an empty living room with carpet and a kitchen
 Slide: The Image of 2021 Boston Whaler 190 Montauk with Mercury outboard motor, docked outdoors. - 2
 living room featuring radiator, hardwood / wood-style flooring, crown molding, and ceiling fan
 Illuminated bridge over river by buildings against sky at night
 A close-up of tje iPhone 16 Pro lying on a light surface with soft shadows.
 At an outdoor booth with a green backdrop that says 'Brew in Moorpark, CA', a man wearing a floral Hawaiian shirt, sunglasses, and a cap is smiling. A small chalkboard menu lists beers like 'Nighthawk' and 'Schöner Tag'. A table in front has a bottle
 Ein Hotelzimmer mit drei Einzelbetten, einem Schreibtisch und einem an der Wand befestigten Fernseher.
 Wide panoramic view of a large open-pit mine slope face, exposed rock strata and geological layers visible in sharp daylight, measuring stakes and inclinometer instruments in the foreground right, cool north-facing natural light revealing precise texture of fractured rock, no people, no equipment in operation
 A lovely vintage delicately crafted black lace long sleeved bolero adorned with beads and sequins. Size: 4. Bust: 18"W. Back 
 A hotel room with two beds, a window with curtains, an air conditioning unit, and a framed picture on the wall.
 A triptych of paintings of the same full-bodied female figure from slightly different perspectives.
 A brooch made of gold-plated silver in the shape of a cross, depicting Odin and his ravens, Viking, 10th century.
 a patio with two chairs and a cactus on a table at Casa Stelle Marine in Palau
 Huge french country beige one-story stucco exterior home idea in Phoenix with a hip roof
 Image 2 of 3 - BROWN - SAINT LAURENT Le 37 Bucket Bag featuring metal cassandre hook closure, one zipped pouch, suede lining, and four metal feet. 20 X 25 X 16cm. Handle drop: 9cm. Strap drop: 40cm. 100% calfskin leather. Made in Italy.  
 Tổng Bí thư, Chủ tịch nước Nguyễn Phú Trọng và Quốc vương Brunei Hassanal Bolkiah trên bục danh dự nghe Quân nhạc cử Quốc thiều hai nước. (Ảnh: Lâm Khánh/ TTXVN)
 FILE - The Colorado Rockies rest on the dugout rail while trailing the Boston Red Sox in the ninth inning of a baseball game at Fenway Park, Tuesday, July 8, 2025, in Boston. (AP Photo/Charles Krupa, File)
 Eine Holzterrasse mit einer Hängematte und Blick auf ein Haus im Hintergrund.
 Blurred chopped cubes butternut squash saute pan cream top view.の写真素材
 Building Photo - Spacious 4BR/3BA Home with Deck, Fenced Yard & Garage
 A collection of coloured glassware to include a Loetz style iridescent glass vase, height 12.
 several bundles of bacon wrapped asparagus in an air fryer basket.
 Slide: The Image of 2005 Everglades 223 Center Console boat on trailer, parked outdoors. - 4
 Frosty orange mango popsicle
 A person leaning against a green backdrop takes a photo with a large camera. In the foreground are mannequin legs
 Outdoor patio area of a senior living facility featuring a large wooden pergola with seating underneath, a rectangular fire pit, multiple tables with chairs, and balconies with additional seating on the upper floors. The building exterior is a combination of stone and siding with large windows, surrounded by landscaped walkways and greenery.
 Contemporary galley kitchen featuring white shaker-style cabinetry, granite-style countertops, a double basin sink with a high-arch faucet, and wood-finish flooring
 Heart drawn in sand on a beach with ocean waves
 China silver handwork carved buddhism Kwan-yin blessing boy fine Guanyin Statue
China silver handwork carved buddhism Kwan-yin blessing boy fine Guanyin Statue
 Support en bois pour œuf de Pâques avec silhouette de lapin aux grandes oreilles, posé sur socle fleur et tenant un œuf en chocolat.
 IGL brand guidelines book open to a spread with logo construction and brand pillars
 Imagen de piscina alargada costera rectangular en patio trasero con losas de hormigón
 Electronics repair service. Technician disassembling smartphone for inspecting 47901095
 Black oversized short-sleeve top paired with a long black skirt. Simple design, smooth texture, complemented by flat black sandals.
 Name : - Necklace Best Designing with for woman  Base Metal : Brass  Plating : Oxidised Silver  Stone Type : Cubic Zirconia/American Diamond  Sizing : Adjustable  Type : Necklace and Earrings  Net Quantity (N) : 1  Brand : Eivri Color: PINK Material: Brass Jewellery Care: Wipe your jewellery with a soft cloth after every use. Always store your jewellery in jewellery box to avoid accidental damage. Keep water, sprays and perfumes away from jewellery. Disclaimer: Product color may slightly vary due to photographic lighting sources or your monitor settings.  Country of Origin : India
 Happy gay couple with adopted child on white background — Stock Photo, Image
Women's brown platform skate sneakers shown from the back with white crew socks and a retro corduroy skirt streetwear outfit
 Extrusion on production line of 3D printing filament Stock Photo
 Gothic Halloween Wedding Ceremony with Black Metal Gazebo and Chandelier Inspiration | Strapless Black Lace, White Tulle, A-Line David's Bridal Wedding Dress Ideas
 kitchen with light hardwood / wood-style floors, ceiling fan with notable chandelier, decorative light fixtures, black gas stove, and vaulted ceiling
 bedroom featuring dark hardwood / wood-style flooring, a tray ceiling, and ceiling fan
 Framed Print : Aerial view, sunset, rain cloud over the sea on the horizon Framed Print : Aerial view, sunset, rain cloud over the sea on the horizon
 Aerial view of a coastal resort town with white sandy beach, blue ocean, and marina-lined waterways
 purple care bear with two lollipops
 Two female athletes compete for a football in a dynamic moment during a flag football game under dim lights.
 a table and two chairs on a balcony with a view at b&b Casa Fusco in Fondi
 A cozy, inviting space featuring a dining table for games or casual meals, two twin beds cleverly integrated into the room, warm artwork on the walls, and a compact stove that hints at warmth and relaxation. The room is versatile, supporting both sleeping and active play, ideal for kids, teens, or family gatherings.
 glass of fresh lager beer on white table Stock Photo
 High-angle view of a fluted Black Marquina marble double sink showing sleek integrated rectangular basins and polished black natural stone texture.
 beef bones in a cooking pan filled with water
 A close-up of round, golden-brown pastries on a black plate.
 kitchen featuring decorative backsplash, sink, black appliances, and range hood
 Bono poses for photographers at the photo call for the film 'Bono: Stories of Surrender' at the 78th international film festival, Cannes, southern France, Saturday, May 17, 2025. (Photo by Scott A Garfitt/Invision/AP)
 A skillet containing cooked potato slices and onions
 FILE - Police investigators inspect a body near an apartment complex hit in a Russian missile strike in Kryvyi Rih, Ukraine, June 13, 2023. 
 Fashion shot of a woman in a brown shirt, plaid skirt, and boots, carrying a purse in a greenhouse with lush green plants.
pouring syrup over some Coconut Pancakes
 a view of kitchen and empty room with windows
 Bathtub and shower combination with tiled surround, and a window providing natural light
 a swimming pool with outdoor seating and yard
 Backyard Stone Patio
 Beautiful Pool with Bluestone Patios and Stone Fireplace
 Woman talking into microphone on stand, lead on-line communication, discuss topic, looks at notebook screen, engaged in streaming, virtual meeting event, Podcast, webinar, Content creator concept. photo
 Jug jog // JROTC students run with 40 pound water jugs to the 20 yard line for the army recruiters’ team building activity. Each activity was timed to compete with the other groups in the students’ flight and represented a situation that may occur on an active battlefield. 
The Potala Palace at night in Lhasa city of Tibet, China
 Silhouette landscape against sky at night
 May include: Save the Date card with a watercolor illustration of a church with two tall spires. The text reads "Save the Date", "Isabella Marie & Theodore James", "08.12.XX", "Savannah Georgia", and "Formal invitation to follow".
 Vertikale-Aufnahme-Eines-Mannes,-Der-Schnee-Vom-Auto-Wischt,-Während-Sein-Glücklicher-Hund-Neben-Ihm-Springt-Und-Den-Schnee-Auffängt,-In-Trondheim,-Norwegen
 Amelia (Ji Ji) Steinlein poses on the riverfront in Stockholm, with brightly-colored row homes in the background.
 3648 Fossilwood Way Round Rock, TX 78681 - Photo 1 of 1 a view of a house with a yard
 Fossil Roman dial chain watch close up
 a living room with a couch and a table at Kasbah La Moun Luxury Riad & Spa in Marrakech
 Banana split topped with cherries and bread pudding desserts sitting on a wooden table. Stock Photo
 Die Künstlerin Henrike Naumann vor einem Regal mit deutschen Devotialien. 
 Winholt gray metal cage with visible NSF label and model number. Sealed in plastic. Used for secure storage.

☆ ☆ ☆ ☆

**Problem details**
Retype, exactly and in full, the lines above from the one containing "a living room" through the one containing "Die Künstlerin Henrike".

**Output of the exercise**
 a living room with a couch and a table at Kasbah La Moun Luxury Riad & Spa in Marrakech
 Banana split topped with cherries and bread pudding desserts sitting on a wooden table. Stock Photo
 Die Künstlerin Henrike Naumann vor einem Regal mit deutschen Devotialien. 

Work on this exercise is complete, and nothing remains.